Project Summary Cardiac viral infection is a common cause of heart failure for which therapeutics are lacking. Viruses primarily damage the heart by directly lysing host cells and causing widespread necrosis. The heart responds to infection by recruiting inflammatory cells to fight and prevent the spread of the virus. Inflammation is essential for a successful antiviral response, but excessive inflammation can cause a net harm to the myocardium during infection. The heart must carefully tune inflammation to prevent viral proliferation while avoiding the harm caused by excessive inflammation. Understanding the factors involved in tuning the heart's inflammatory response will be necessary to develop therapeutics for cardiac viral infection. We discovered that a protein called BEX1 (brain expressed X-linked 1) serves a pro-inflammatory role in the heart during sterile injury. We have also found that BEX1 acts in cardiomyocytes as part of a ribonucleoprotein complex regulating the level of pro-inflammatory mRNAs. Nevertheless, the direct mechanism by which BEX1 regulates cardiac inflammation has not been elucidated, and it is not known if BEX1 regulates the heart's response to virus infections. In this proposal we seek to understand BEX1's role in the response of the heart to viruses with the following aims: 1) To determine the effect of BEX1 on cardiotropic viral infection in vivo; 2) To determine the contribution of BEX1 to antiviral gene programs in the heart; and 3) To elucidate the mechanism by which BEX1 regulates antiviral responses. Preliminary data have led us to the hypothesis that BEX1 plays an antiviral role by regulating a protein called EPRS (glutamyl-prolyl-tRNA synthetase). Evaluating this hypothesis and elucidating the role of BEX1 in immunity and inflammation will be necessary to gain a better understanding of viral infection and inflammatory diseases, and could lead to the discovery of valuable therapeutic targets.

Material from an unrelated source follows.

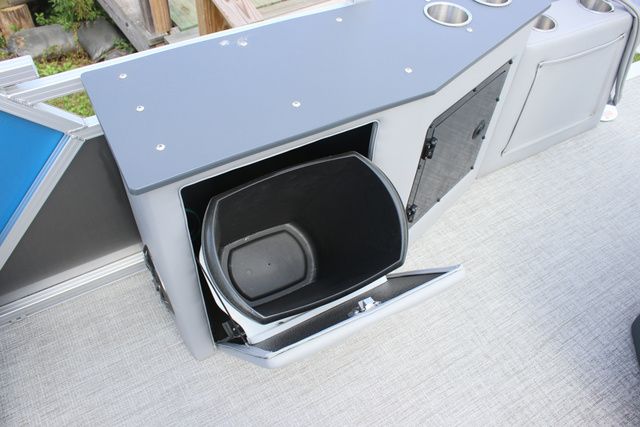 2025 Tahoe LTZ - 23 FT Cruise Rear Bench - 8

项目概要 心脏病毒感染是心力衰竭的常见原因，目前尚缺乏治疗方法。主要是病毒 通过直接裂解宿主细胞并导致广泛坏死来损害心脏。心脏会响应 通过招募炎症细胞来对抗和防止病毒传播来抵抗感染。炎症是必不可少的 成功的抗病毒反应，但过度炎症可能会对心肌造成净伤害 感染。心脏必须仔细调节炎症，以防止病毒增殖，同时避免伤害 过度炎症引起的。了解调节心脏炎症的因素 响应对于开发心脏病毒感染的治疗方法是必要的。我们发现有一种蛋白质 BEX1（大脑表达的 X 连锁 1）在无菌性损伤期间在心脏中发挥促炎作用。我们 还发现 BEX1 在心肌细胞中作为核糖核蛋白复合物的一部分发挥作用，调节心肌细胞的水平 促炎症 mRNA。尽管如此，BEX1 调节心脏的直接机制 炎症尚未阐明，也不知道 BEX1 是否调节心脏对病毒的反应 感染。在本提案中，我们试图了解 BEX1 在心脏对病毒的反应中的作用 以下目的： 1）确定BEX1对体内心肌病毒感染的作用； 2）确定 BEX1 对心脏抗病毒基因程序的贡献； 3）阐明其机制 BEX1 调节抗病毒反应。初步数据使我们假设 BEX1 具有抗病毒作用 通过调节一种名为 EPRS（谷氨酰脯氨酰-tRNA 合成酶）的蛋白质来发挥作用。评估这个假设并 为了更好地了解 BEX1 在免疫和炎症中的作用，有必要 病毒感染和炎症性疾病，并可能导致有价值的治疗靶点的发现。